Occhi puntati sulla Luna in questi giorni. E non solo per ricordare la missione Apollo 11, che giusto quaranta anni fa (era il luglio del 1969) portava per la prima volta degli esseri umani a mettere piede sul nostro satellite naturale, ma anche e soprattutto grazie a due missioni della Nasa, le prime a raggiungere la Luna (senza astronauti, ovviamente) dopo dieci anni, chiamate Lcross (Luna crater observation and sensing satellite) e Lro (Lunar reconnaissance orbiter). A loro spetta, tra l’altro, il compito di risolvere uno dei grandi punti interrogativi che ci restano sulla Luna, che per il resto è tutto sommato il corpo celeste che conosciamo meglio. Ovvero, c’è acqua lassù? I campioni di roccia lunare raccolti dalle varie missioni Apollo si sono rivelati completamente privi di acqua. D’altronde, come potrebbe essercene, in assenza di atmosfera, nelle zone battute dalla luce solare? Questo di per sé non significa, però, che nei profondi crateri presenti presso le zone polari della Luna, dove il Sole non batte ormai da miliardi di anni, non possa essere rimasta dell’acqua in forma di ghiaccio. Perché tanto interesse per l’eventuale acqua lunare? Perché se ci fosse, potrebbe facilitare la futura costruzione di colonie lunari. Non solo perché quell’acqua si potrebbe bere o usare per coltivare piante.
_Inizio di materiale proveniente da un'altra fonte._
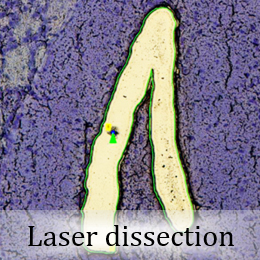 Cell image via laser micro-dissection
Ma anche in quanto potrebbe essere scissa in idrogeno e ossigeno da usare come propellente dei velivoli spaziali, alleggerendo così il carico che una missione lunare dovrebbe portare con sé in previsione del viaggio di ritorno o di un nuovo decollo verso mete più lontane. Così sarebbe più facile pensare di usare la Luna come base intermedia da cui lanciare missioni, per esempio, verso Marte.